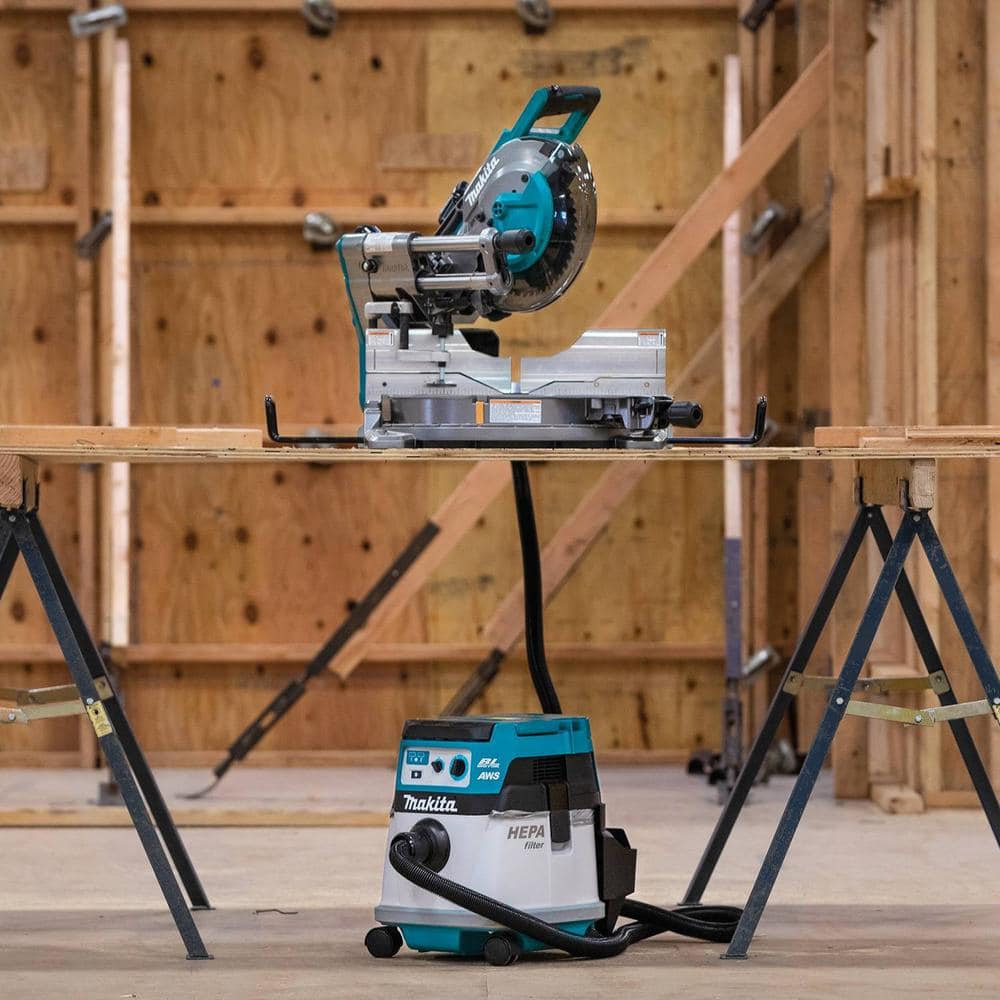 Makita 40V max XGT Brushless Cordless 10 in. Dual-Bevel Sliding Compound Miter Saw Kit, AWS Capable (4.0Ah)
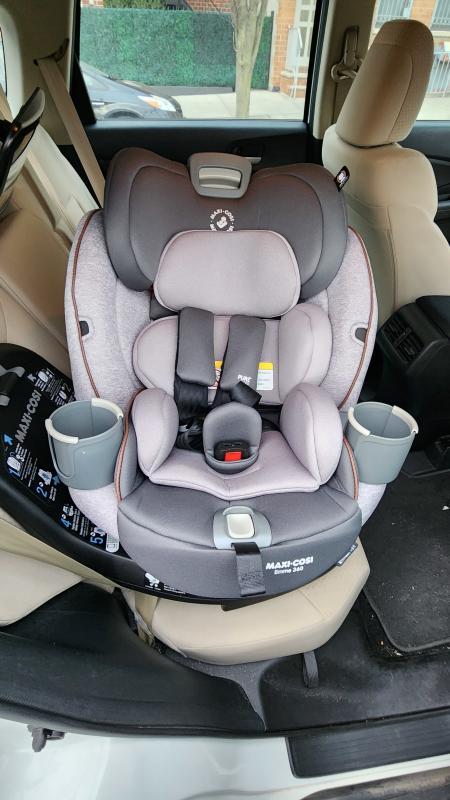 Toddler rotated toward me for getting into thr car| Seat rotated toward me| Easy install process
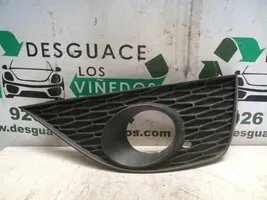 Seat Ibiza IV (6J,6P) Grille de calandre avant 6J0853666A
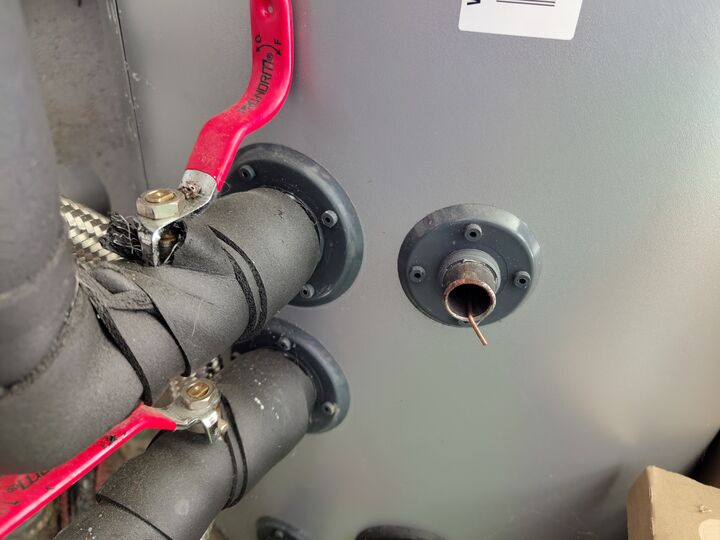 Sensor pocket beside adjacent connected buffer ports. Buffer · paired-port context.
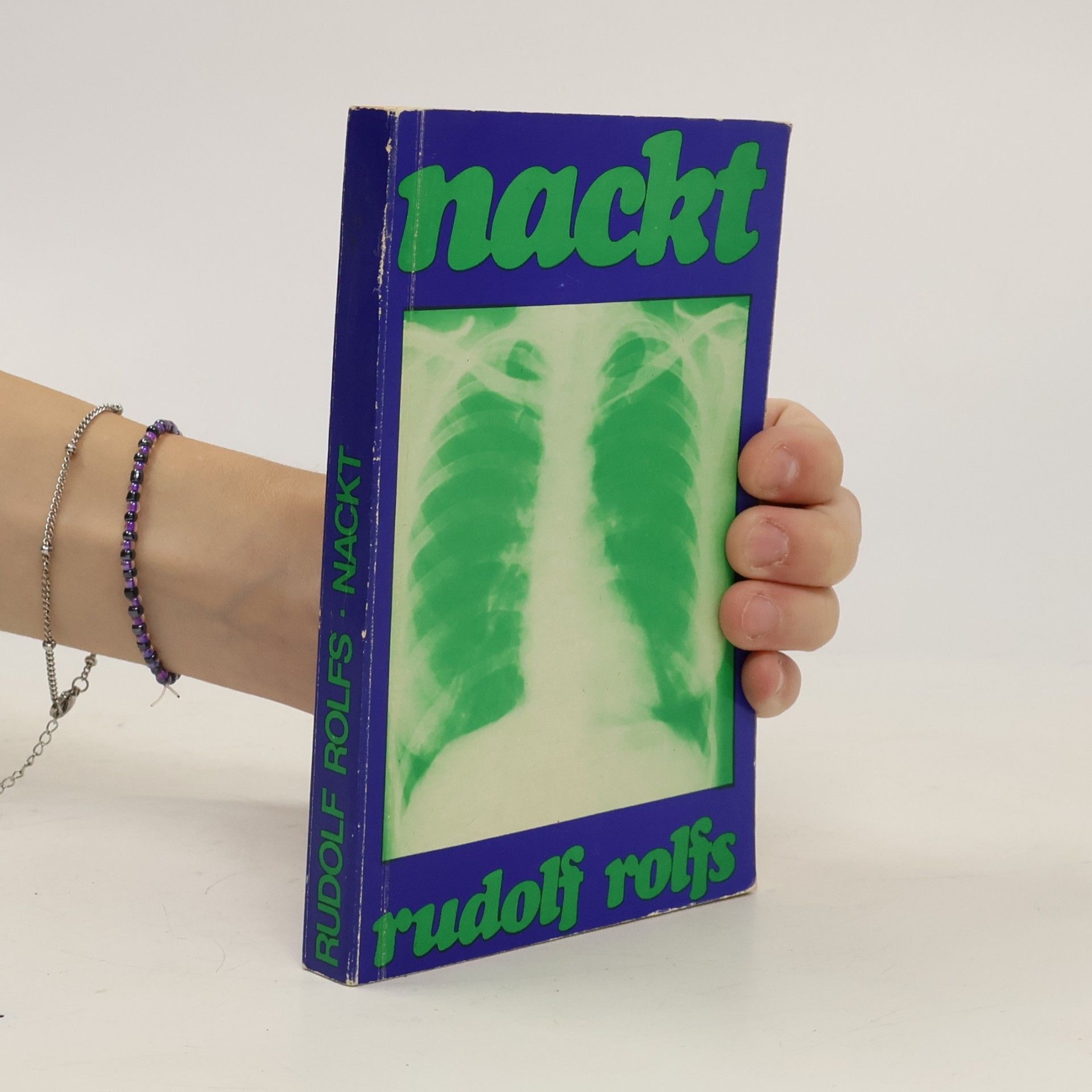 Nackt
····················
All lines from the one that contains "Sensor pocket beside" through the last line of the data should be retyped exactly, with the pictures left out.

Completed exercise -
 Sensor pocket beside adjacent connected buffer ports. Buffer · paired-port context.
 Nackt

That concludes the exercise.